CONCORD, N.H.—Between stops last Thursday on what was his first New Hampshire visit of the 2008 cycle, Rudy Giuliani affirmed his support for the state’s first-in-the-nation primary status.
“I’m sort of a traditionalist anyway,” he said at an event here. “I got all annoyed when they got a designated hitter in baseball.”
It was a fittingly smooth start for the former Mayor in this rarest of states, where the Republican Party actually smiles on cultural heretics like him.
Yet if Rudy does take the ’08 plunge, it is actually New Hampshire that could be his Waterloo.
A stretch to begin with, a Giuliani coronation in Minneapolis two summers from now absolutely requires him to win New Hampshire’s leadoff primary. In contrast to the G.O.P. electorates of most of the other decisive primary and caucus states, a marked strain of libertarianism runs through New Hampshire’s Republican Party, which routinely embraces social moderates.
Moreover, the rules of the New Hampshire’s Presidential game favor mavericks.
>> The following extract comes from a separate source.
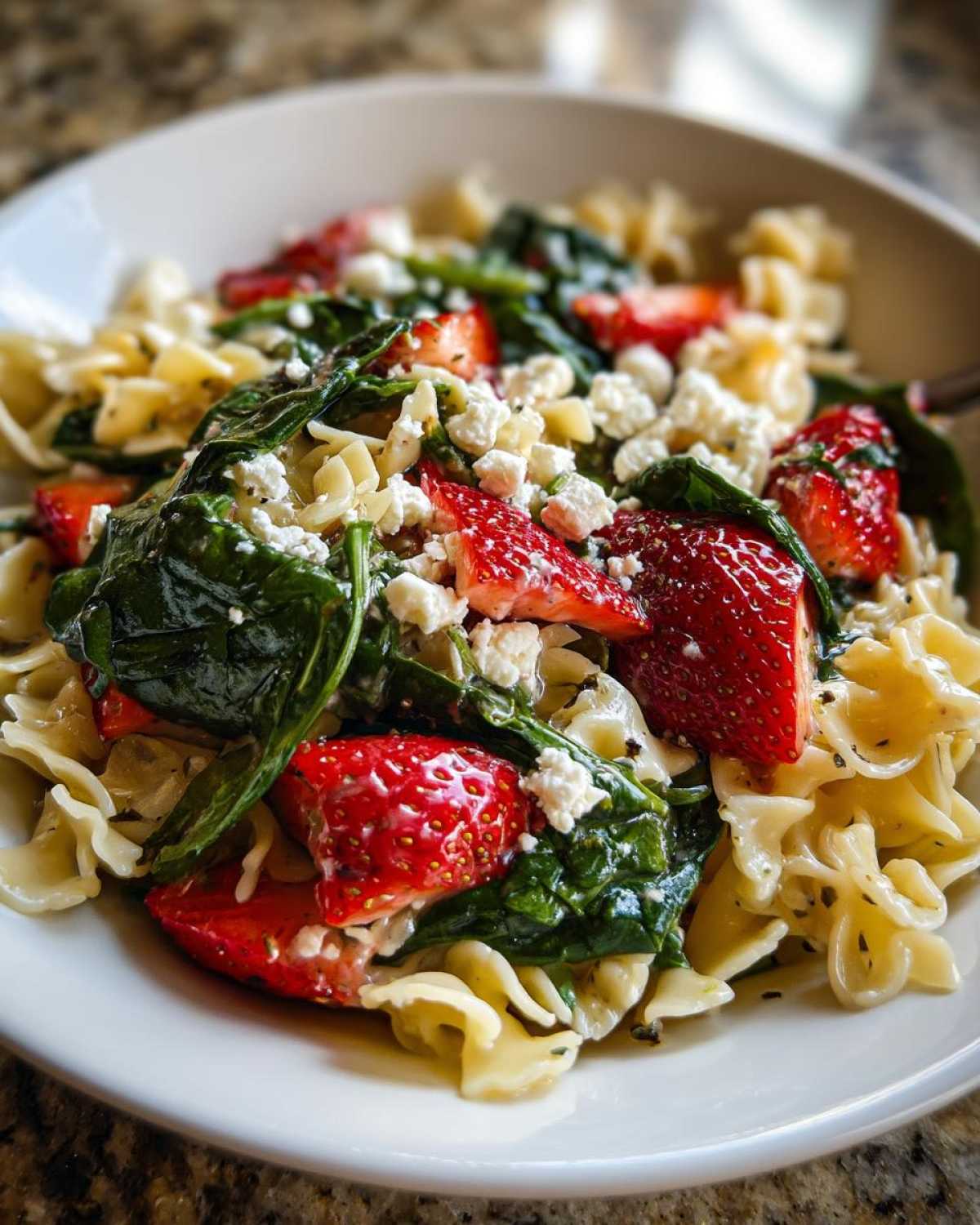 A close-up of Easy Strawberry Spinach Pasta Salad with Feta, featuring pasta, bright red strawberries, wilted spinach, and crumbled feta cheese.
Independents, who are free to take part in the ’08 G.O.P. primary, figure to account for a quarter of all votes cast. Overall, about half of the state’s registered voters will turn out for the Presidential primary, a unique check on the sway that hardened ideologues and their pesky litmus tests hold in low-participation nominating contests—like, say, the Iowa caucuses.
Rather inexplicably, New Hampshire is even home to a not-invisible smattering of Yankees fans—Adam Sandler, who grew up in Manchester, to name one.
In other words, if Rudy can’t make it here, he can’t make it anywhere.
But the same can be said of John McCain, whose international political stardom was born in New Hampshire six Februarys ago, when he socked George W. Bush and his cash machine by 19 points, an unforeseen political earthquake triggered by those same independent-minded voters.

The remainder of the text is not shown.